▸ **WHAT THE TASK ASKS**:
Lines holding the word "Package" are the ones to copy from the data below.

▸ **SOURCE INFORMATION**:
· · · · · · ·
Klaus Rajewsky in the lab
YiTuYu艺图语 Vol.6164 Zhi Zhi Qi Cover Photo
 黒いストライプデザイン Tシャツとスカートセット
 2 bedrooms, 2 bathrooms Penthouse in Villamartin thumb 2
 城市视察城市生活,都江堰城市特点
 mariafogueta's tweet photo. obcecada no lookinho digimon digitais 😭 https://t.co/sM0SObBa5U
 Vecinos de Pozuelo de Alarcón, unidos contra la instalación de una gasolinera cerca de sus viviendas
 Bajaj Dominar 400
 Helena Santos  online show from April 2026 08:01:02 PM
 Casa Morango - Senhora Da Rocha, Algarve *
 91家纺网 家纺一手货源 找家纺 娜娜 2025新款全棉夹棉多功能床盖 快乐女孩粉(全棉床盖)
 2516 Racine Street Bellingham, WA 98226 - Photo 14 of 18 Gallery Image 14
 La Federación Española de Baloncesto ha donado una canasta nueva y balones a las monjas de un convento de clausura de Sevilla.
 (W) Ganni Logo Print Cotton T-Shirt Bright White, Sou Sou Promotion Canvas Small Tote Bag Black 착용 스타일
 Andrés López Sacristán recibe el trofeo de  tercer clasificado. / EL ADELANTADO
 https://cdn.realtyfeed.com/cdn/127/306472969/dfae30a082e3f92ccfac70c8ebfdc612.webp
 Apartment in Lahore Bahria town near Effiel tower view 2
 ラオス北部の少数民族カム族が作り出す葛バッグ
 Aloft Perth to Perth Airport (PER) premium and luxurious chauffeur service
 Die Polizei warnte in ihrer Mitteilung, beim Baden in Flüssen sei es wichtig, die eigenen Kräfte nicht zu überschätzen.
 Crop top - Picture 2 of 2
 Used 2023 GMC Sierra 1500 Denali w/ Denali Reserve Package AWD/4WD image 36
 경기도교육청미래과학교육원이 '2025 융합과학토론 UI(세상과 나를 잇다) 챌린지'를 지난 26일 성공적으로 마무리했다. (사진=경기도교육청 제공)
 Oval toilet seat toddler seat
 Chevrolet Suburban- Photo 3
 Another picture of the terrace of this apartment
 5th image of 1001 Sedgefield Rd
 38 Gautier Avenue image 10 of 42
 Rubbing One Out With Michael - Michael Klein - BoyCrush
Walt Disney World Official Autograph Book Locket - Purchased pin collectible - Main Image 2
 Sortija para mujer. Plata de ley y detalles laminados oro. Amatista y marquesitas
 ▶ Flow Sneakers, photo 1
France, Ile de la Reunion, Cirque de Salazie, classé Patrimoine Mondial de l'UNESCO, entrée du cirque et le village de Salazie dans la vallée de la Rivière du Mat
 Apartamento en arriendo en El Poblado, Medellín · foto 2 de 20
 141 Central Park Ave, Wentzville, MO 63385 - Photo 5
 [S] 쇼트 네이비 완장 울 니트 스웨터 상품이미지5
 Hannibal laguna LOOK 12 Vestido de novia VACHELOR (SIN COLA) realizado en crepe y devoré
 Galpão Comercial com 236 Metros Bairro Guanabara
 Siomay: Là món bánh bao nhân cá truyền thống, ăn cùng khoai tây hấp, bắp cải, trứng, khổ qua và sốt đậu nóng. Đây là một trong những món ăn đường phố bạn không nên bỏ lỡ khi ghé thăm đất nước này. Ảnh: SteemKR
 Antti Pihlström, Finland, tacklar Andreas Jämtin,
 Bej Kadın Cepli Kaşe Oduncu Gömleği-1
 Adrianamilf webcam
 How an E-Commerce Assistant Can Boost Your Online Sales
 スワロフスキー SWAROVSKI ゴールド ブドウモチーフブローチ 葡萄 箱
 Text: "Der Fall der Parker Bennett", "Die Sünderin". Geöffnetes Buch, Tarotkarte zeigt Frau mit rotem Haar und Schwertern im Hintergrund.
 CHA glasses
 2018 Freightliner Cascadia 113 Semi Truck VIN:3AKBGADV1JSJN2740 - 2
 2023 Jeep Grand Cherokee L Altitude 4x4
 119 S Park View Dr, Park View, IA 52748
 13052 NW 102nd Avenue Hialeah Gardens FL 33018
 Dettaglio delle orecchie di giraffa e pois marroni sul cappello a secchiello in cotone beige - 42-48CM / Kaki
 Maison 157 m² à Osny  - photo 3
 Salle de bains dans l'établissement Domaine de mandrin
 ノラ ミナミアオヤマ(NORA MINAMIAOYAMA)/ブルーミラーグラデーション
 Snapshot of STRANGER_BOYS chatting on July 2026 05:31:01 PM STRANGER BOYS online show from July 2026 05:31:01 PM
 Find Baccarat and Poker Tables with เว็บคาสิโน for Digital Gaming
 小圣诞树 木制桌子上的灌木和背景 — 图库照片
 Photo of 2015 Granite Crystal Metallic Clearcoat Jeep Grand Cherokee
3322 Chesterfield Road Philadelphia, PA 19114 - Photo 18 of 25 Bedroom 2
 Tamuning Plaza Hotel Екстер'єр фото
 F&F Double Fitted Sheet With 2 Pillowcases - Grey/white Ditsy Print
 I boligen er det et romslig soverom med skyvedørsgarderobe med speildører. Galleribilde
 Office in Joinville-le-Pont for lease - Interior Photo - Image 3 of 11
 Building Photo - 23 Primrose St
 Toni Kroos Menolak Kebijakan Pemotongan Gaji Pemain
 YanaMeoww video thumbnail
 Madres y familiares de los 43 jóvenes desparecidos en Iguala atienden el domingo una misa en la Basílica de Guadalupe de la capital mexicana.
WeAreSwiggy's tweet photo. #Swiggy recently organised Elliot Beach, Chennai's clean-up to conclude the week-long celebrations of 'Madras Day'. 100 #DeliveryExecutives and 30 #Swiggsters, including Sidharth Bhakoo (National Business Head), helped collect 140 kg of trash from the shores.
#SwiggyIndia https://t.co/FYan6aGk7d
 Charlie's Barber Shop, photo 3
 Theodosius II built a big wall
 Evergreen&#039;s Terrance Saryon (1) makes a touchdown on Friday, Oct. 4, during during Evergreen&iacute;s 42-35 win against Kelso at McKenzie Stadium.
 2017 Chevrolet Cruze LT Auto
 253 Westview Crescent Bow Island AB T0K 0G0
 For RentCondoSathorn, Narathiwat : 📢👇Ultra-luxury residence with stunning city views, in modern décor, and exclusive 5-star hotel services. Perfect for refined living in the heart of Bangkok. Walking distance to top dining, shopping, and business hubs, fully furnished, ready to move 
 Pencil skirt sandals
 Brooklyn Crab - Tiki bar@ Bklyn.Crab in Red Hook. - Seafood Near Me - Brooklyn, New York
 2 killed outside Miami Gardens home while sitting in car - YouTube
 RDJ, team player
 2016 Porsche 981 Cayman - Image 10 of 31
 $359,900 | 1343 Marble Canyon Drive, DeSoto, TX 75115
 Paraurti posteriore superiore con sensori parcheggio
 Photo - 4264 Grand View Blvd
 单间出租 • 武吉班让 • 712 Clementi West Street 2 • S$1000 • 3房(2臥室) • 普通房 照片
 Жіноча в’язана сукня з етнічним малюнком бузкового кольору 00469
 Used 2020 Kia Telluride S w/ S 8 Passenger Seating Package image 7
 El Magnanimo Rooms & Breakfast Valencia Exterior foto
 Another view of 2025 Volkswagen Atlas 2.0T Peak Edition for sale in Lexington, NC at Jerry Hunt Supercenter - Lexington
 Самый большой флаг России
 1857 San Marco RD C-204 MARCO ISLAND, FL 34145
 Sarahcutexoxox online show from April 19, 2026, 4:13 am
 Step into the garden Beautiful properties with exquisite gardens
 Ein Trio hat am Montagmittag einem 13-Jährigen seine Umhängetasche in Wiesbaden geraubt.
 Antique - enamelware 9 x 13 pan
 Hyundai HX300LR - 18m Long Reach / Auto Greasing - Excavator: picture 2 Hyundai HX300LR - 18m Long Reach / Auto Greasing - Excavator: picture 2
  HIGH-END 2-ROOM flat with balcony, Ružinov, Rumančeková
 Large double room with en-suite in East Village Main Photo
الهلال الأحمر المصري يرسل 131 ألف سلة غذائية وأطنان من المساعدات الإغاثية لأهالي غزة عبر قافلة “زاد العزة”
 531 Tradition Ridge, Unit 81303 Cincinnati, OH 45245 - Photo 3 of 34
· · · · · · ·
▸ **RESULT**:
 Used 2023 GMC Sierra 1500 Denali w/ Denali Reserve Package AWD/4WD image 36
 Used 2020 Kia Telluride S w/ S 8 Passenger Seating Package image 7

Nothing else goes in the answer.